(Records from a data source)
━━━━━━━━
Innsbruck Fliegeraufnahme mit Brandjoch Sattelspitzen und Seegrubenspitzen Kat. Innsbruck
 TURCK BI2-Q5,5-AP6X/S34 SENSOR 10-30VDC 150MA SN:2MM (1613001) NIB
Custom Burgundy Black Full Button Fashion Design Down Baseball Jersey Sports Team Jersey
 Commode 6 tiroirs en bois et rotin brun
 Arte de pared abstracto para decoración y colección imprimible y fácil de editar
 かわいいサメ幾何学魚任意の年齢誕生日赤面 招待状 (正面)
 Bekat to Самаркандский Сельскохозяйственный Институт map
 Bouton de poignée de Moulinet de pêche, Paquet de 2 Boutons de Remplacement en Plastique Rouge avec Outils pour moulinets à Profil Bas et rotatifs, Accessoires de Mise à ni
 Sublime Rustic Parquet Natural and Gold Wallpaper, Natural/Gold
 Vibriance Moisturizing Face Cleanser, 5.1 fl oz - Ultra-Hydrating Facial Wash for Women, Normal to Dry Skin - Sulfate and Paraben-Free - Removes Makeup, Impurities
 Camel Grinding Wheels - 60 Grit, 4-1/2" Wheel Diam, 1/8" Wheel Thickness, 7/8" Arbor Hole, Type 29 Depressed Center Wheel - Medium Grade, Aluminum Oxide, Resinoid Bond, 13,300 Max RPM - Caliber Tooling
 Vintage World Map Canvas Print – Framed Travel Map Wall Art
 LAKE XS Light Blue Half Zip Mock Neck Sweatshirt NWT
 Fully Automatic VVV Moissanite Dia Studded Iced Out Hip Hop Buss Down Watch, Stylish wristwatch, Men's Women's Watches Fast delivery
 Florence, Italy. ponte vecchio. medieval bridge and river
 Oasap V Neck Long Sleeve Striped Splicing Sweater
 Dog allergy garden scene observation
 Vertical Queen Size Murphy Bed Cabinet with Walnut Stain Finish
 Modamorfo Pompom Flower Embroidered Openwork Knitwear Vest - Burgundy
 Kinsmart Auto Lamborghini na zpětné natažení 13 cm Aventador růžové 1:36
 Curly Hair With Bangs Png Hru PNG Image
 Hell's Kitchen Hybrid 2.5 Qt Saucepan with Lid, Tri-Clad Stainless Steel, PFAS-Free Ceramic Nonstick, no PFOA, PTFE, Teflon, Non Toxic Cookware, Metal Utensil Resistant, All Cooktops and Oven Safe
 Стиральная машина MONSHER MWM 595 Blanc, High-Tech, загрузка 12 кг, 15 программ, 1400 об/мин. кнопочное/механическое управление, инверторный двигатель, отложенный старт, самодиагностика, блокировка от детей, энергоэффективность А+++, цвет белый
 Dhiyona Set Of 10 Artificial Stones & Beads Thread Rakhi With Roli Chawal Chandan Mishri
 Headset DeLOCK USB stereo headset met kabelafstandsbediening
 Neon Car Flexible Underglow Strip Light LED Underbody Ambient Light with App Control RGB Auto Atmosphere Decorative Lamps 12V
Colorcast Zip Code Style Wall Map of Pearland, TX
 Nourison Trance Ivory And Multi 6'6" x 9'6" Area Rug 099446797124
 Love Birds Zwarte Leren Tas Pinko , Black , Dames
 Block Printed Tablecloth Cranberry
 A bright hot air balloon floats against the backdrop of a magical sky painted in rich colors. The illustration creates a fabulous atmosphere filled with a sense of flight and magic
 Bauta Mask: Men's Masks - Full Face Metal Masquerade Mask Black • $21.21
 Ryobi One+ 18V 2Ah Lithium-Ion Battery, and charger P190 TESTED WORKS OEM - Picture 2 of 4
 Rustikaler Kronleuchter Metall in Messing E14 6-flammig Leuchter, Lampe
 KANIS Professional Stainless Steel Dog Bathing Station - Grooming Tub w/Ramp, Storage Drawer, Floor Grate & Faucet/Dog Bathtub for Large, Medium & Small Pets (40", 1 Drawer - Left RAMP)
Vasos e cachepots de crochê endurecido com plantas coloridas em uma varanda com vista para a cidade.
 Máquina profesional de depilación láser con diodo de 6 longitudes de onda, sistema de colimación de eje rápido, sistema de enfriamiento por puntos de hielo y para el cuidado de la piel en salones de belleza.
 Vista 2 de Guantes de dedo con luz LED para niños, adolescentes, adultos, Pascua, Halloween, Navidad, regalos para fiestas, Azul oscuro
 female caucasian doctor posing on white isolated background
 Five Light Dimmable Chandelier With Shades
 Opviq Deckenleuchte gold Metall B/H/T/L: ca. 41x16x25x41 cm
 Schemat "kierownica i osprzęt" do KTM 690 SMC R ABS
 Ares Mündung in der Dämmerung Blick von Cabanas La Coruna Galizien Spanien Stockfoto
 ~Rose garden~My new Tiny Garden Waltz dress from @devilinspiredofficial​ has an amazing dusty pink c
━━━━━━━━
DIRECTIONS »
Check every line above for the word "Medium" and copy those that have it.

TASK SOLUTION »
 Camel Grinding Wheels - 60 Grit, 4-1/2" Wheel Diam, 1/8" Wheel Thickness, 7/8" Arbor Hole, Type 29 Depressed Center Wheel - Medium Grade, Aluminum Oxide, Resinoid Bond, 13,300 Max RPM - Caliber Tooling
 KANIS Professional Stainless Steel Dog Bathing Station - Grooming Tub w/Ramp, Storage Drawer, Floor Grate & Faucet/Dog Bathtub for Large, Medium & Small Pets (40", 1 Drawer - Left RAMP)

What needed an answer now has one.